Prevented planting seems to be on everyone’s mind as the days wind down to plant any crop and have it insured. Producers have to make decisions on whether to try to plant and must take into consideration the prevented planting payment versus a Market Facilitation Program (MFP) payment. Last month, immediately upon China reneging on commitments made during the trade talks, President Trump committed USDA to provide up to $16 billion to support farmers as they absorb some of the negative impact of unjustified retaliation and trade disruption. One of the questions raised was whether MFP payments would be available on prevented planting acreage. USDA responded that “USDA does not have the legal authority to make MFP payments to producers for acreage that is not planted. To qualify for a 2019 MFP payment, you must have planted a 2019 MFP-eligible crop.” https://americanagnetwork.com/2019/06/secretary-perdue-statement-on-disaster-and-trade-related-assistance/.
This means to receive a MFP payment, producers must plant an MFP eligible crop. Many are questioning why MFP cannot be used for prevented planting acreage and the devil’s in the details. The propose of the MFP payment are to compensate producers for additional costs of adjusting to disrupted markets, dealing with surplus commodities, and expanding and developing new markets at home and abroad.

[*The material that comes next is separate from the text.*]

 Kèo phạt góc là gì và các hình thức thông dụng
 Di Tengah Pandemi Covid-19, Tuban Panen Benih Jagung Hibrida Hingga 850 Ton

These additional costs are only incurred for planted crops that have to be marketed or stored. If there is no crop, there are no additional costs for marketing or storage.
If USDA were to make MFP payments available for crop losses such as prevented planting, it could adversely affect crop insurance payments. Crop insurance covers losses due to natural disasters. MFP covers additional costs associated with China and the trade issues – a man-made loss. Man-made losses are considered uninsured causes of loss and are not considered when calculating an indemnity.

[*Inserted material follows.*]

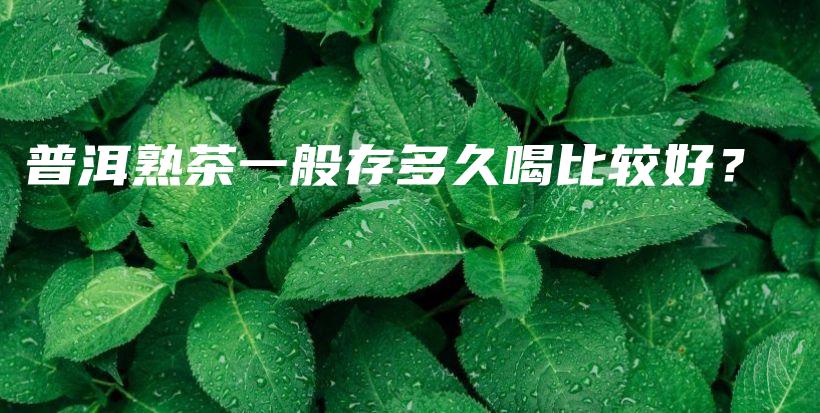 普洱熟茶一般存多久喝比較好？插圖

To offer MFP on acreage that is not affected by the additional costs covered by MFP could suggest that MFP covers crop losses too. This could lead to disarray in the crop insurance program because it would call into question whether some of the current and past crop losses, especially reductions in price, were due to the trade issues, which would not be covered by crop insurance. For example, in 2018, the price of soybeans was significantly reduced after the trade issues began. MFP offered $1.65 per bushel for each bushel harvested. If that $1.65 were considered compensation for that reduction in price, then that amount of loss would be considered due to man-made causes and the crop insurance indemnities would have been reduced by that $1.65 per bushel payment. However, USDA stated that producers could receive both a full crop insurance indemnity and an MFP on harvested acreage because MFP did not cover any decline in price, only additional costs. This argument would be lost if MFP were provided for prevented planting acreage and indemnities could be affected.
While certainly a disappointment for producers affected by prevented planting, the program implications would have been much more severe had USDA allows MFP on prevented planting acreage.
All statements made are opinions of the author and are not intended to provide legal opinions or legal advice.